しかし、両軍の戦力には大きな差があり、箱館の戦況は日に日に旧幕府軍に不利となっていく。追いつめられた総裁榎本は、戦闘継続をあきらめ、ついに新政府軍に降伏する方針を固めるのだった。
これを知った土方はひとり嘆いた。
「ああ俺は死に遅れた。もし降伏をして生きながらえることになれば、あの世で近藤勇に合わせる顔がない」
新選組局長として無念の死をとげた盟友近藤に顔向けができないといって、土方は最後の戦いに出ることを決意するのだった。
一本木の戦いに散る
明治2年5月11日、新政府軍が総攻撃を開始した日の朝、五稜郭の本営から土方は騎馬で出陣した。従う兵はわずか80人。土方についていけば負けるはずがないと思っている者たちばかりだった。
進軍途中の一本木には、五稜郭側と箱館市街を区切る関門が設置されていたが、この一本木関門に差しかかった時、土方は自軍の兵が敵に押されて退却してくるのを見た。思わず土方は乗馬のまま大刀を抜き払って大喝する。
「退くな、退く者があれば斬る」
いつもこうして兵を奮い立たせてきた土方だった。
しかし、そのとき一発の銃弾が飛来し、土方の腹部に命中した。敵が馬上の土方を狙撃したものか、それとも流れ弾であったのかはわからない。

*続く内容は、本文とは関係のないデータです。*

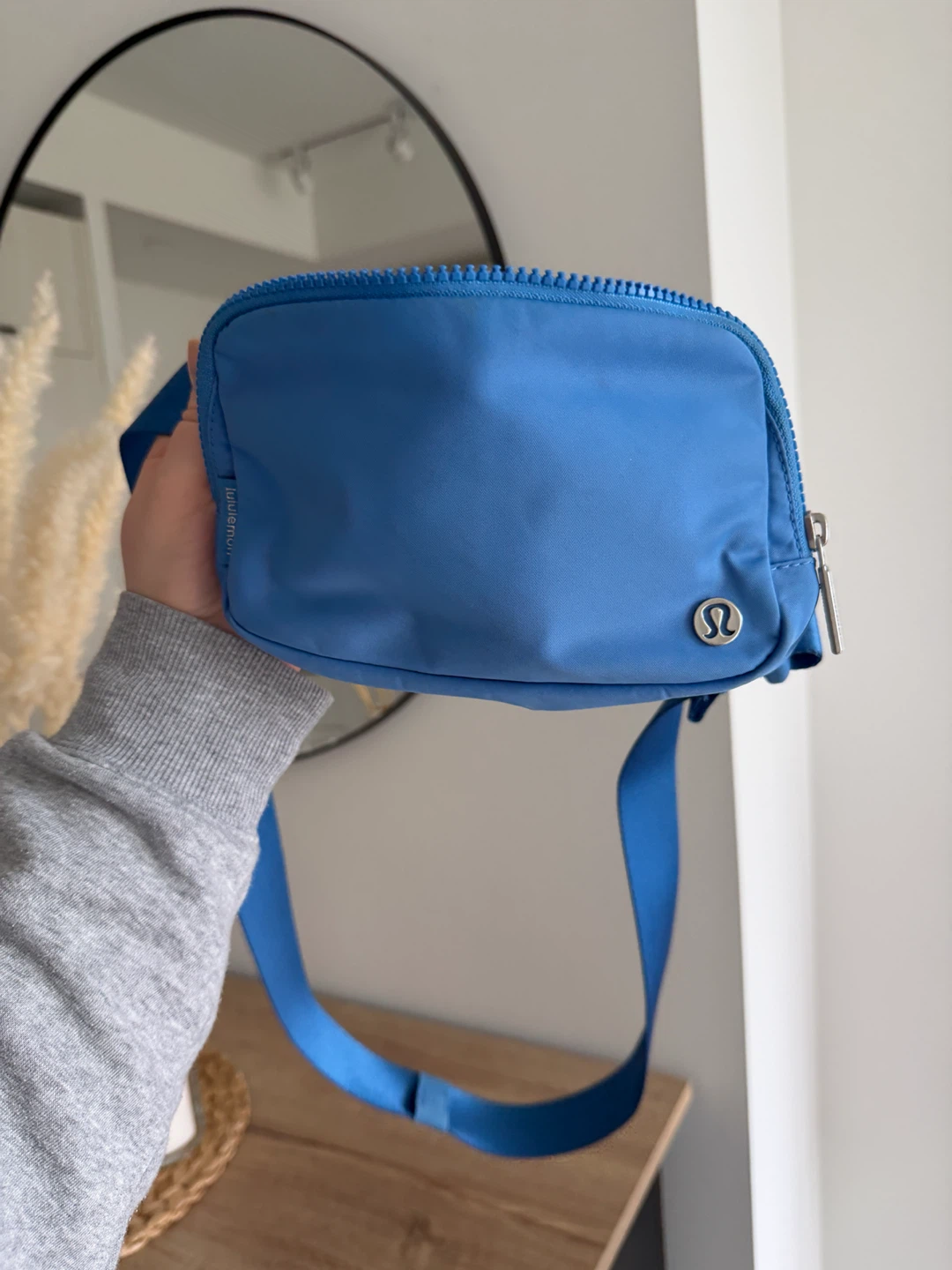 Lululemon Everywhere Belt Bag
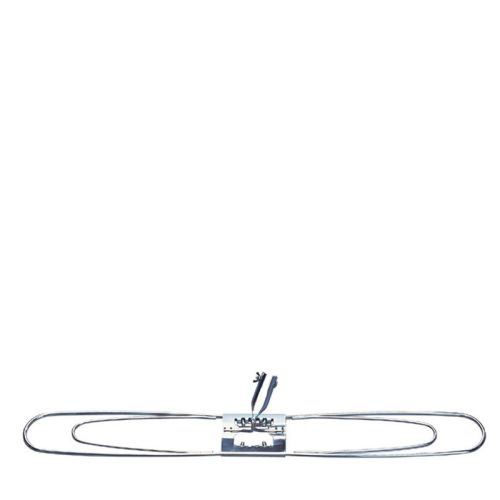 Vermop Feuchtwisch-Halter 80 cm Vermop Feuchtwisch-Halter 80 cm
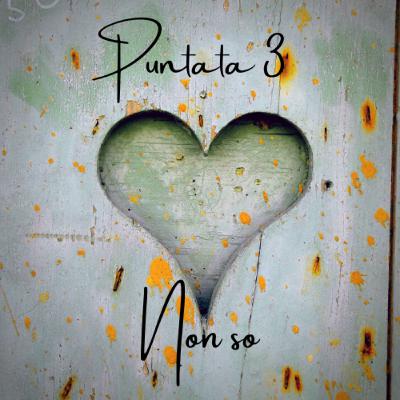 3 Non so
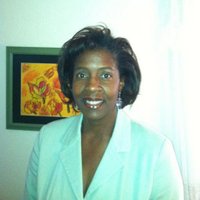 Pamela Lapeyrolerie (@pamlap99) 's Twitter Profile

たまらずに落馬した土方は、そのまま絶命した。享年35。新選組の鬼と呼ばれた男の壮烈な最期だった。
ただ、土方の最期を見届けた者があったのかどうかは、いまだにはっきりしていない。馬丁の沢忠助が付き添っていたことが有力とされているが、残念ながら忠助は多くを語り残さなかった。
そのあたりの状況が、負傷した土方が死なずに敵兵に捕縛され、網走監獄で長い年月を生きながらえるという、「ゴールデンカムイ」の熱い物語が生まれる下地になったといえるのかもしれない。